Il ruolo che svolgiamo come Prc in tante situazioni, come nella vicenda
bolognese, è per noi positivo da diversi punti di vista e ha
a che fare con il rapporto delle istituzioni con il conflitto sociale
e a come stiamo costruendo il programma dell’Unione con i movimenti.
La questione diritti e democrazia partecipata sono giustamente al centro
del progetto politico per la sinistra alternativa che oggi subisce una
accelerazione importante con la costruzione della sezione italiana della
sinistra europea.
I tempi proposti dal segretario sono brevi, il percorso deve essere
curato con attenzione. Se l’adesione individuale alla Sinistra
europea ha avuto tanto successo, deriva naturalmente dalla respiro nazionale
con cui affrontiamo ogni vicenda quotidiana, ma anche dalle pratiche
che abbiamo sperimentato. Ci sono diverse ragioni per cui centinaia
di persone, intellettuali e soggetti di movimento non aderiscono a Rifondazione
comunista ma alla Sinistra europea, dunque non possiamo considerare
questi iscritti appendice del partito. Si tratta dunque di riconoscere
la pari dignità, come viene indicato dalla relazione, a soggettività
diverse che hanno lo stesso progetto.
Roberto
Musacchio
Interverrò su un solo tema, ripercorrendo intorno ad esso i punti
della relazione di Bertinotti che condivido molto. Il tema è
la Bolkestein, la “maladirettiva” che ci vede impegnati
in una lotta europea per il suo ritiro.
Proprio sulla Bolkestein misuriamo il valore di una idea alternativa
di Europa, laddove essa è precisamente la trasformazione del
modello sociale europeo in dumping e costruzione di multinazionali che
operano fuori e dentro il continente. Questa lotta si avvale fortemente
dello strumento Partito della Sinistra Europea, vede protagonista il
Gue, si lega in movimenti altermondialisti e sindacali. Vale per l’Europa,
vale per l’Italia. C’è qui da noi uno schieramento
importante che va da Attac ai Cobas alla funzione pubblica Cgil e che
parla anche di una nuova dialettica del sindacato e tra sindacato e
Movimenti.
Questa lotta vede la sinistra alternativa non necessariamente minoritaria
e testimoniale. Anzi, può essere vinta. Abbiamo visto la prova
in queste settimane, un’operazione di grande coalizione, di stampo
neocentrista, volta ad emendare la direttiva ma lasciandone la sostanza,
il principio del Paese di origine.

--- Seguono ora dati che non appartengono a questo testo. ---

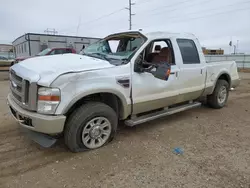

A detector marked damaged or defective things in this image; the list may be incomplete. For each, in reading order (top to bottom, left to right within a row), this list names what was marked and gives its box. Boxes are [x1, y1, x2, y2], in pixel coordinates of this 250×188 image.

damaged hood [10, 53, 114, 86]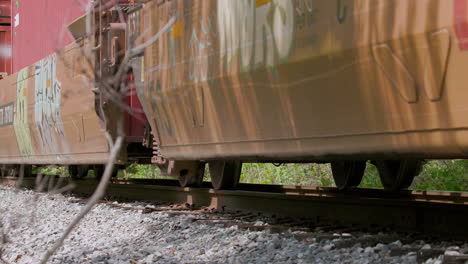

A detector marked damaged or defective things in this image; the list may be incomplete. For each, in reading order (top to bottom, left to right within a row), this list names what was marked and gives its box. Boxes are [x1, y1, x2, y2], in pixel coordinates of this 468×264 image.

rusty metal panel [11, 0, 85, 73]
rusty metal panel [139, 0, 468, 161]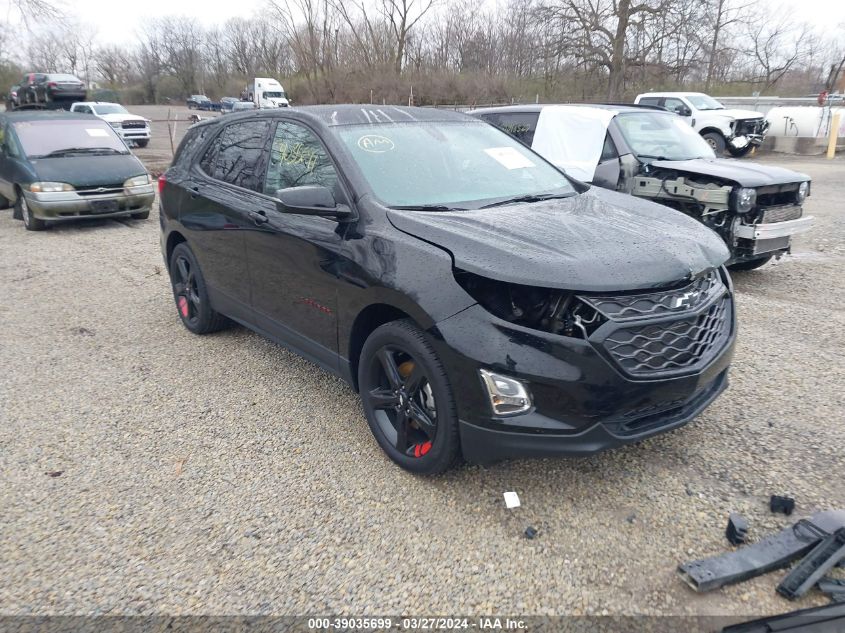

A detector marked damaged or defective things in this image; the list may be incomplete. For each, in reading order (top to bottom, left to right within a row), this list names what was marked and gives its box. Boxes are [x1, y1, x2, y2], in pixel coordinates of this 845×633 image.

damaged white truck [472, 103, 808, 270]
damaged white truck [632, 93, 764, 158]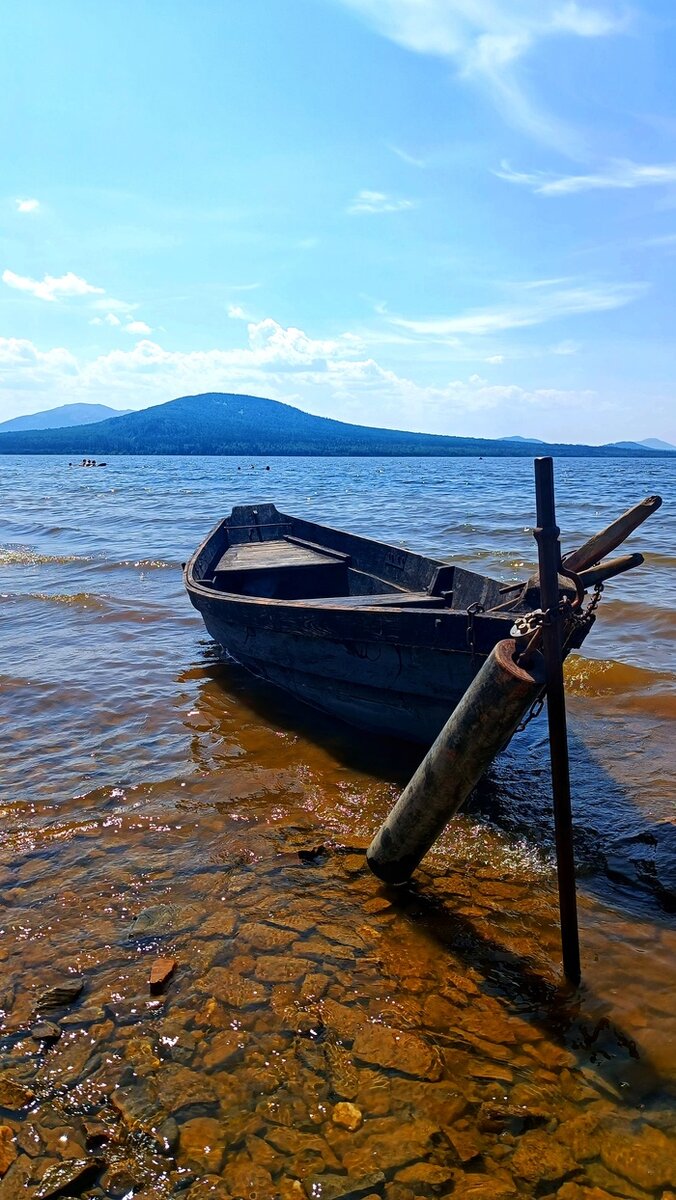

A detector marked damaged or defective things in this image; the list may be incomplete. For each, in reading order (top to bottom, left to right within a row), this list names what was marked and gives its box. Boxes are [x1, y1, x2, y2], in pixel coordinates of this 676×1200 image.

rusty metal pole [532, 458, 580, 984]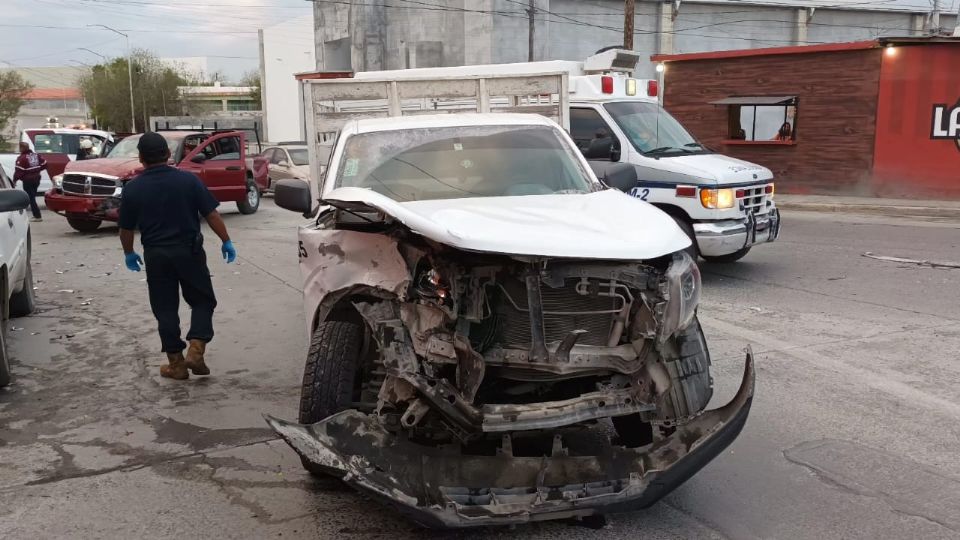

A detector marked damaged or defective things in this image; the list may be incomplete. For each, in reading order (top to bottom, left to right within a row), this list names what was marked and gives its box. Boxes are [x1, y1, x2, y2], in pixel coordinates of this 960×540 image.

wrecked white pickup truck [266, 70, 752, 528]
crushed front end [266, 219, 752, 528]
detached front bumper [266, 348, 752, 528]
crumpled fender [264, 348, 756, 528]
damaged headlight [656, 252, 700, 344]
detached front bumper [688, 207, 780, 258]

Vi hanno lavorato i socialisti europei,
ed in Italia, settori del centro sinistra che hanno ricercato anche
intese trasversali. Alla prova dei fatti il compromesso, cattivo, è
stato travolto da destra. Torna dunque il tema di una lotta a fondo
per il ritiro. E’ in queste lotte, concrete e di prospettiva,
che si misura tutta la valenza del Partito della Sinistra Europea, nel
suo agire internazionale e nella sua costruzione italiana che, proprio
in queste esperienze, trae forza.
Alfio
Nicotra
Sciopero, generale, manifestazione dei metalmeccanici, contestazione
studentesca e degli insegnanti alle varie controriforme Moratti, la
manifestazione dei migranti del 3 dicembre, i ragazzi di Locri, la rivolta
antiTav in val di Susa, le mobilitazioni contro gli inceneritori e in
difesa dei beni comuni. Possiamo dire che i movimenti in Italia esistono
e si “muovono” ma non hanno - al momento - la forza di spostare
da soli il quadro politico. Ha ragione Bertinotti quando dice che il
nostro compito è quello di trovare una connessione tra i vari
movimenti, un dialogo tra loro o meglio un linguaggio comune che alluda
a un progetto comune. Abbiamo bisogno di più conflittualità
sociale, di più vertenze e lotte per spostare un quadro politico
che - pur contestando Berlusconi - non riesce ancora a rompere in modo
profondo con le politiche neoliberiste.
Il quadro globale in cui anche i nostri movimenti si collocano è
però confortante. Il fallimento definitivo dell’Alca al
recente vertice di Mar del Plata non ha solo il valore di sconfiggere
un programma voluto dagli Usa e dalle multinazionali che avrebbe fatto
delle Americhe il più vasto mercato “libero” del
mondo. Questa vittoria è più forte perché è
in campo - per la prima volta - anche l’alternativa. L’allargamento
del Mercosur, il progetto Alba, l’alternativa bolivariana delle
America, dicono che un’altra integrazione economica è possibile.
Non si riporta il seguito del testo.